*** INPUT DATA ***
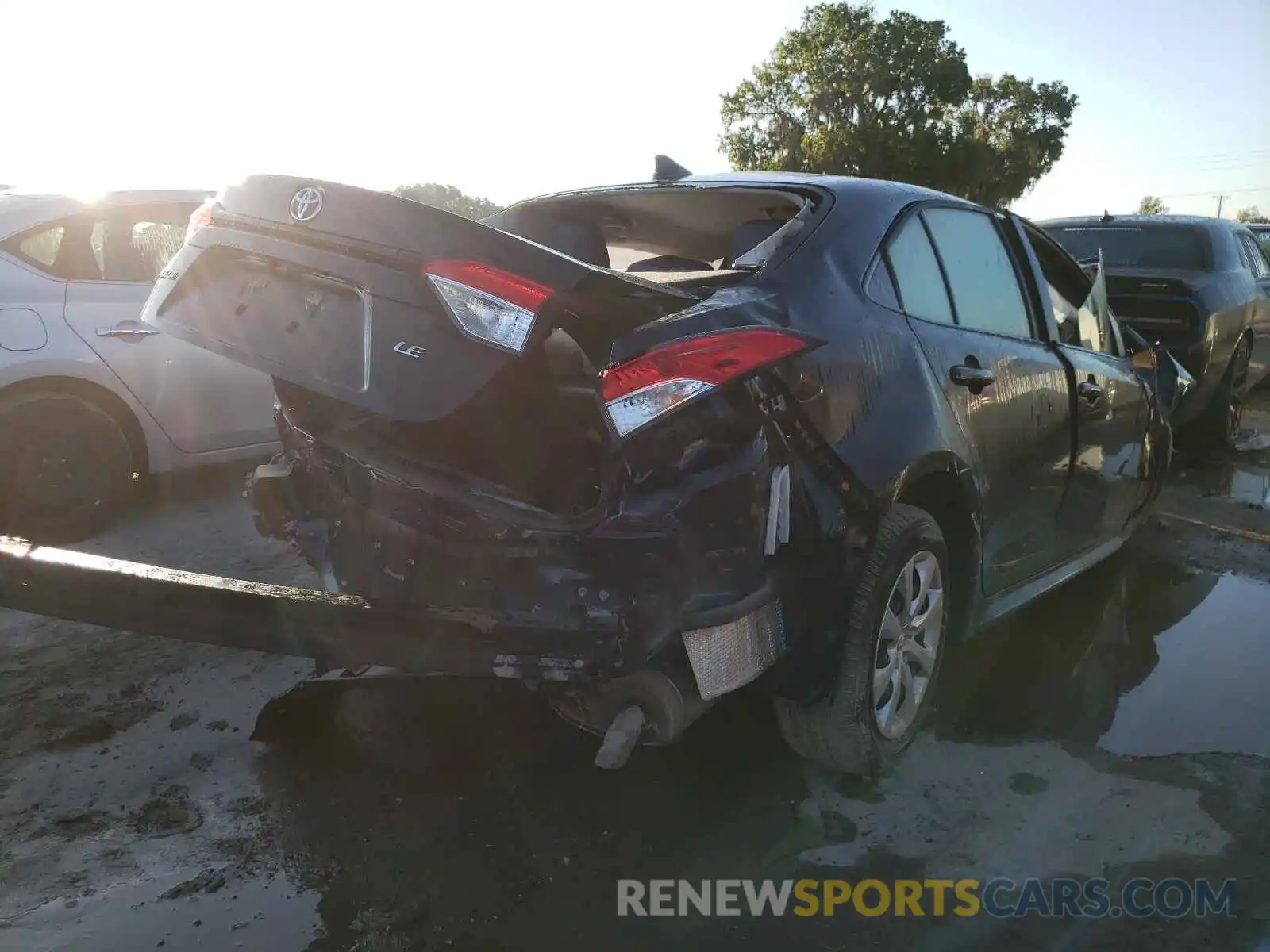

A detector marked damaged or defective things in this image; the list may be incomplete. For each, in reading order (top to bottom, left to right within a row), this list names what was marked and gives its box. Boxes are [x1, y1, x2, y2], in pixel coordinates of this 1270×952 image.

broken taillight lens [424, 259, 553, 352]
broken taillight lens [597, 330, 813, 439]
damaged dark gray sedan [124, 163, 1183, 777]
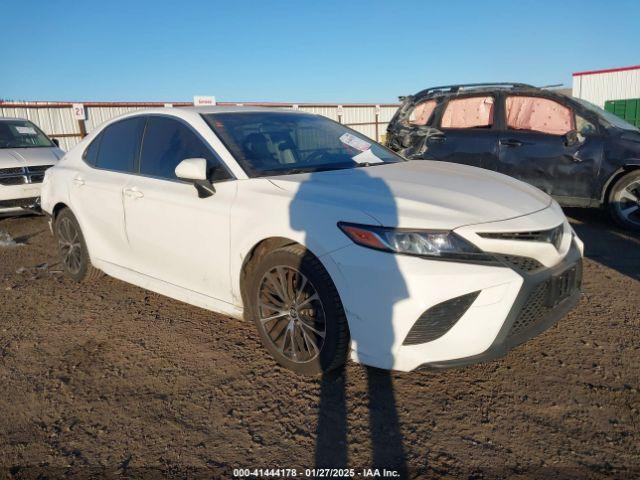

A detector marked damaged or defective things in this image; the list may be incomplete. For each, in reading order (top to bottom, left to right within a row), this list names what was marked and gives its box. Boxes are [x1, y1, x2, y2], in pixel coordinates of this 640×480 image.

damaged dark suv [388, 83, 640, 231]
*** End of INPUT DATA ***
> _WHAT THIS TASK INVOLVES_
Pictures are to be left out, while the records are copied word for word.

> _WRITTEN REPLY_
A detector marked damaged or defective things in this image; the list may be incomplete. For each, in reading order (top to bottom, left to right within a row), this list names what was marked and gives its box. Boxes are [x1, y1, x2, y2], in pixel coordinates of this 1270×952 image.

broken taillight lens [424, 259, 553, 352]
broken taillight lens [597, 330, 813, 439]
damaged dark gray sedan [124, 163, 1183, 777]

A detector marked damaged or defective things in this image; the list may be incomplete. For each, in reading order (top to bottom, left to right within a row), this list names what was marked and gives its box. Boxes are [x1, y1, x2, y2], in pixel coordinates of this 640×480 image.

damaged dark suv [388, 83, 640, 231]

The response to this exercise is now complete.